Confirman que el empresario del country murió por la puñalada que recibió en el pecho

El español Gonzalo Giménez Avendaño falleció desangrado por esa herida en el tórax. Creen que él o los asesinos conocían al empresario.
jueves, 10 de octubre de 2019 · 22:26

Los primeros informes de la autopsia realizada al cadáver del empresario español que fue hallado asesinado este miércoles, revelaron que murió producto del cuchillazo que recibió en el pecho. La principal hipótesis que sigue en pie es la del robo y la otra sospecha es que él o los asesinos conocían a la víctima y que éste los dejó pasar a la vivienda ubicada en el consorcio Portal de Las Sierras, en Rivadavia.

Fuentes judiciales dijeron que Gonzalo Giménez Avendaño tenía esa lesión producto de golpe en la parte posterior del cráneo y al menos cuatro heridas punzantes en distintas partes del cuerpo, pero dos eran las más importantes: una en el cuello, a la altura de la cervical, y otra en el pecho cerca del corazón. Fue ésta última fue la que le produjo la muerte a raíz de un shock hipovolémico; en otras palabras, por el sangrado mismo, explicaron.

Si bien no precisaron aún la hora estimada de fallecimiento, las fuentes aseguraron que fue en la madrugada del miércoles. El cuerpo del empresario español de 51 años fue encontrado pasadas las 14.30 de ese día por una tía que fue a la vivienda después de que se cansara de llamarlo y no contestara. La mujer junto con policías de la Seccional 28va forzaron la puerta principal para poder ingresar y fue ahí que hallaron sin vida al empresario en el piso del living comedor de la casa.

Estaba vestido, dijeron.
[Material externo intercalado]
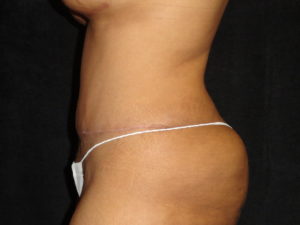 Phoenix Abdominoplasty Case 12 After Photos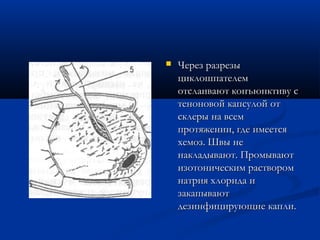    Через разрезы
    циклошпателем
    отслаивают конъюнктиву с
    теноновой капсулой от
    склеры на всем
    протяжении, где имеется
    хемоз. Швы не
    накладывают. Промывают
    изотоническим раствором
    натрия хлорида и
    закапывают
    дезинфицирующие капли.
Fuentes de la investigación confirmaron este miércoles que la víctima tenía poco más de 230.000 pesos en una bolsa, dentro mueble de su dormitorio. Lo cual no quiere decir no haya habido más dinero dentro de la casa, aclaró un investigador. Falta el celular de la víctima, comentó un investigador. Tampoco se encontró el arma con que dieron muerte al empresario.

La versión es que Giménez Avendaño era español y poseía familiares en la provincia, pero vivía solo. Los investigadores comentaron que el empresario tenía una novia en Córdoba, a la que veía de vez en cuando, a la vez que llevaba una vida reservada dentro del barrio privado. Los vecinos contaron que saludaba a todos muy amablemente y sólo lo veían entrar y salir en su camioneta.

Los investigadores de Homicidios, que trabajan bajo las directivas del juez Martín Heredia Zaldo, siguen buscando testimonios para reconstruir las últimas horas de vida del empresario. No descartan nada, pero una de las hipótesis es la del robo atento a que, justamente, el miércoles la víctima debía pagar los sueldos en la residencia de adultos o clínica que poseía.